This, of course, is how maps lie. They offer detail, information, above all an aesthetic experience. George II was so impressed with it that he hung it in his apartments. If he scrutinised it before he went to bed it probably wasn’t because it offered him an insight into the social and economic conditions of his second city, but because it offered a tantalising image of completeness. It offers the spectator every single building in the city. There are, estimates Patrick Fagan in his Catholics in a Protestant Country: The papist constituency in eighteenth-century Dublin, (Four Courts Press, 1998), 11,645 houses. Maybe, on sleepless nights, the king climbed out from his bed to count his way down Sackville Street or to follow his little finger down the lanes of the old city.
We know that the map is both beautiful and deceiving. The city it portrays is both familiar and alien; its alienness is all the more unnerving because of the familiarity of the names and the geography. It is, for one, a Protestant city. Not in the demographic sense; the Catholic population swells throughout this century. In 1700 70% of the population was Protestant and 30% Catholics, but a hundred years later those proportions were exactly reversed (see Patrick Fagan, op cit) But the institutions, the university, the churches, the parliament, the castle, the barracks remind us that we’re in a colonial garrison. Catholics are actively excluded from participation in the institutions of the city, even from the officially sanctioned practise of their religion. A certain laxity, or rather a pragmatic acknowledgement of the facts means that the priest-catchers no longer stalk the streets – remember the infamous Garcia, priest turned priest-catcher who lived safe within the walls of the castle? – and that no serious attempts are made to prevent Catholics worshipping in openly designated places. Too many fires, too many accidents and collapses of upper rooms have taken place to continue with active suppression without inflaming the ever-growing mob. Only twelve years earlier, on February 27th, 1744, after the authorities closed down all the mass-houses, the house in Pill Lane where a priest was celebrating mass collapsed, killing the priest and nine others. After this incident the viceroy and magistrates decided it would be better to allow the Catholic population their chapels than have people die in this manner.
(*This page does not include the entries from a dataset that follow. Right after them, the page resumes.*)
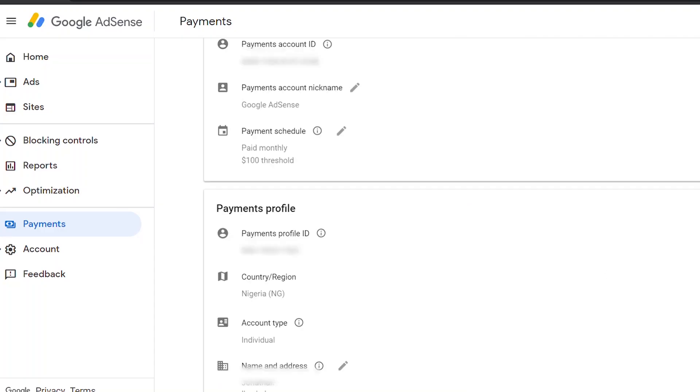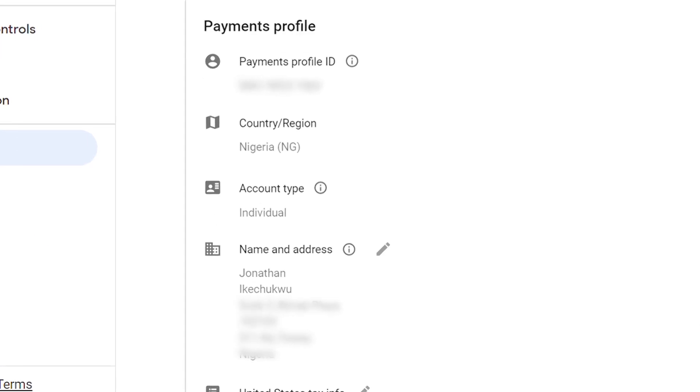Google will mail you a PIN to the address you enter in your AdSense account when your earnings reach the verification threshold, which is $10 US dollars or its equivalent. It usually takes between two to four weeks to arrive, and at times it takes longer depending on your location. Feedback from African creators suggests it might even take several months, so it depends on your location.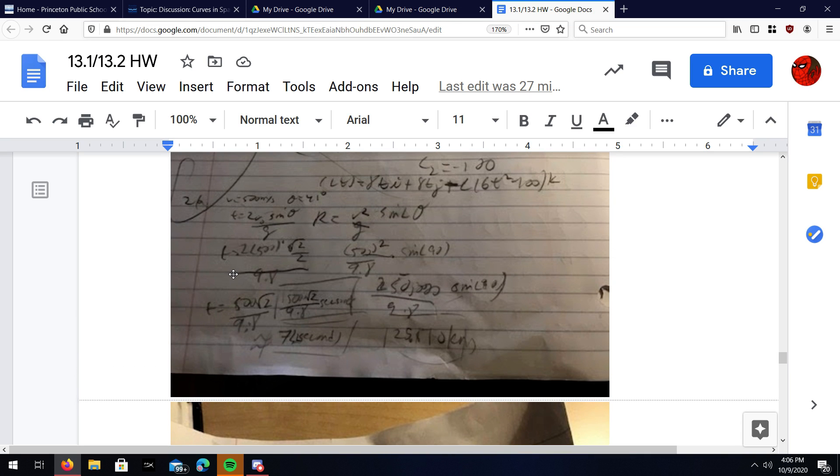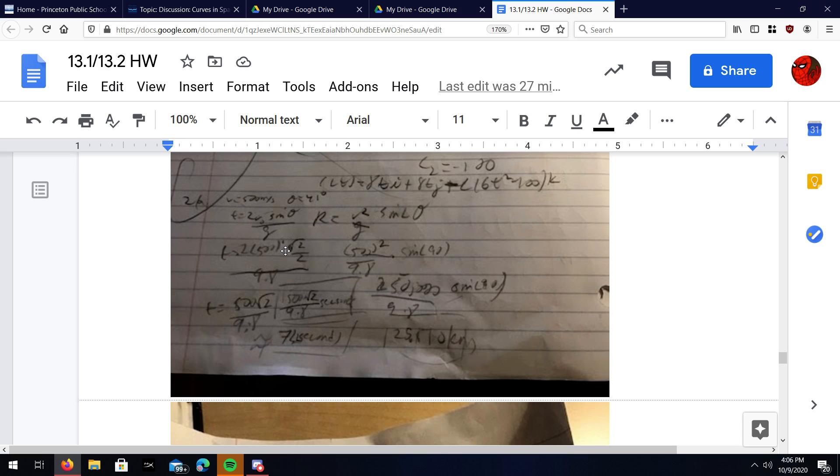Okay, here we're going to do problem number 21 in lesson 13.2. It's asking you for a bunch of different things about the projectile motion, or the motion of a projectile. First, it wants to know when and how far, like the range of the projectile, and how long it will take to reach that range.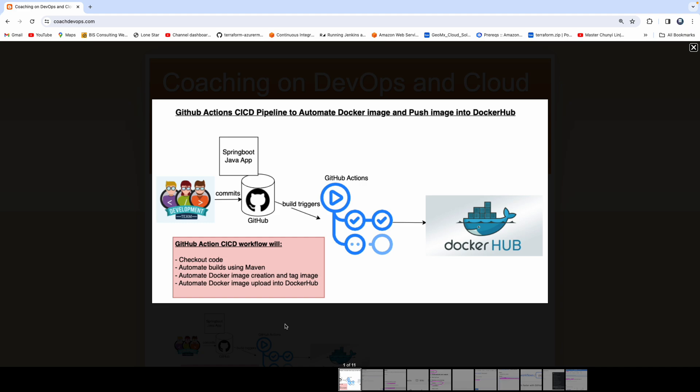Hello everyone. Welcome to another GitHub Actions tutorial. In this video, we are going to learn how to use GitHub Actions in order to automate Docker image creation and then push the Docker image into Docker Hub.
Something of this can in fact be read in the map. Look at the many churches – St Patrick’s, Christ Church, St Catherine’s, St Michan’s, St Ann’s, St Peter’s, St Nicholas’s, St Werburgh’s, St Kevan’s, St Mary’s, St Thomas’s. We know that these are all Church of Ireland, that Rocque is carefully paying his respects to the state religion. But he’s not content with that. He was, after all, born in France in the reign of Louis XIV, who nineteen years before his birth revoked the Edict of Nantes, causing the Huguenot Rocque family to emigrate, first to Geneva and then to London. And Dublin is also a city of fruitful Dissent. His mapping of that dissent is brilliantly illustrated by Kenneth Ferguson in his essay “Rocque’s Map and the History of Nonconformity in Dublin: A Search for Meeting Houses”.
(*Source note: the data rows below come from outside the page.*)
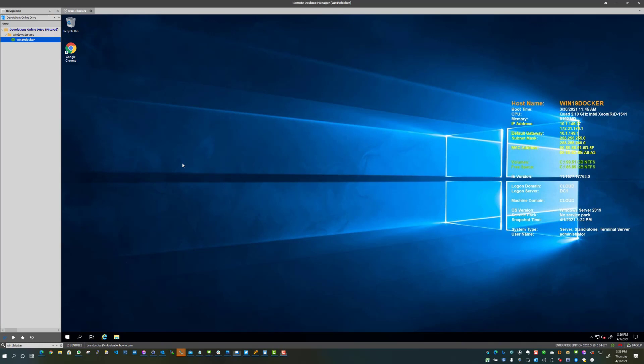So what I want to do is detail with you guys today how you can take and set up Minikube in a Windows Server 2019 virtual machine with Hyper-V installed.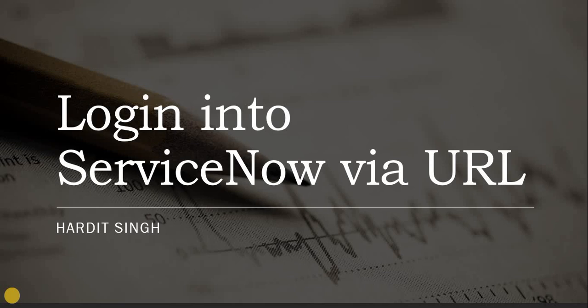Hello everyone, in this video we'll see how to login into ServiceNow via URL.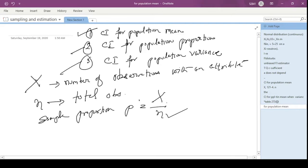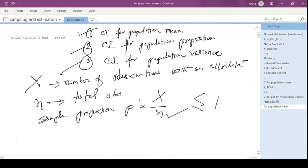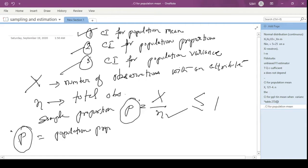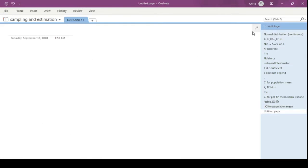n is the total sample size, and out of this sample size, x are the numbers with a certain attribute. The attribute could be anything — certain characteristics. For example, people with specs as one attribute in a class. This sample proportion will always be less than or equal to 1. Capital P is the population proportion — the same proportion of attributes in the population.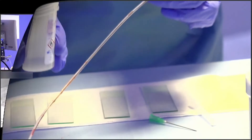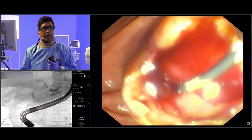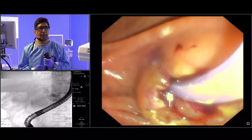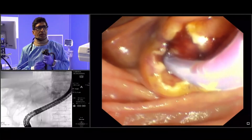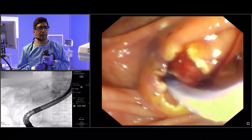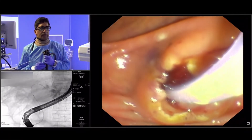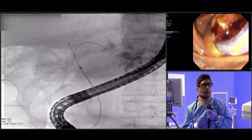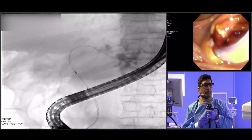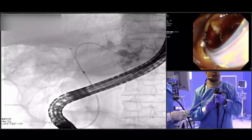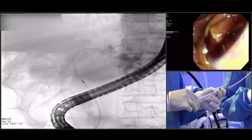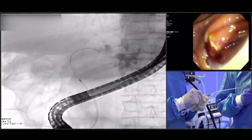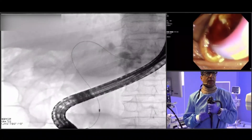We then proceed to the second pass using the same technique. As you can see, passability is very smooth once adequate sphincterotomy has been done — the brush can be passed easily. The marker should be at the distal end of the stricture, and then we do the brushing again. Once adequate brushing is complete, we bring the brush into the sheath and remove it.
The map shows seventeen buildings labelled as Meeting Houses – Presbyterian Meeting Houses (7), French Churches (3), Quaker Meeting Houses (2), the Dutch Church and a dozen “Roman Chappels” marked with just a cross. Nonconformism was legal by then, since the Toleration Act of 1719, but what it had in common with Catholicism “was a distinct want of parity with the Establishment”. The Church of Ireland buildings that existed in Rocque’s time have mostly survived, and most were still being used for worship into the twentieth century. The last surviving Quaker Meeting House was the building that’s now the Irish Film Institute in Eustace Street. Just beside it, what’s now the Ark children’s cultural centre was a Presbyterian Meeting House. Anyone who has been inside will appreciate its sense of space and light, a fact not always appreciated by those who observed it when it was first built. Kenneth Ferguson observes:
When new in 1728, a Quaker remarked of this building: “Where there is so much vanity without, there cannot be much religion within.” The people who assembled here … were headed for Rationalism. These were the ‘new light Presbyterians’ who would ultimately – here in Eustace Street about 1830 – become Unitarians.
Maybe the most interesting feature of Rocque’s mapping of Dublin dissent is that the Meeting Houses were usually positioned discreetly in the city, out of general view, down side streets or in laneways. Ferguson again: “In a sense literal as well as metaphorical, Rocque put the religious alternatives on the map … It was a riposte to the intolerance of his native France, where a map with such information could not have been compiled or published.”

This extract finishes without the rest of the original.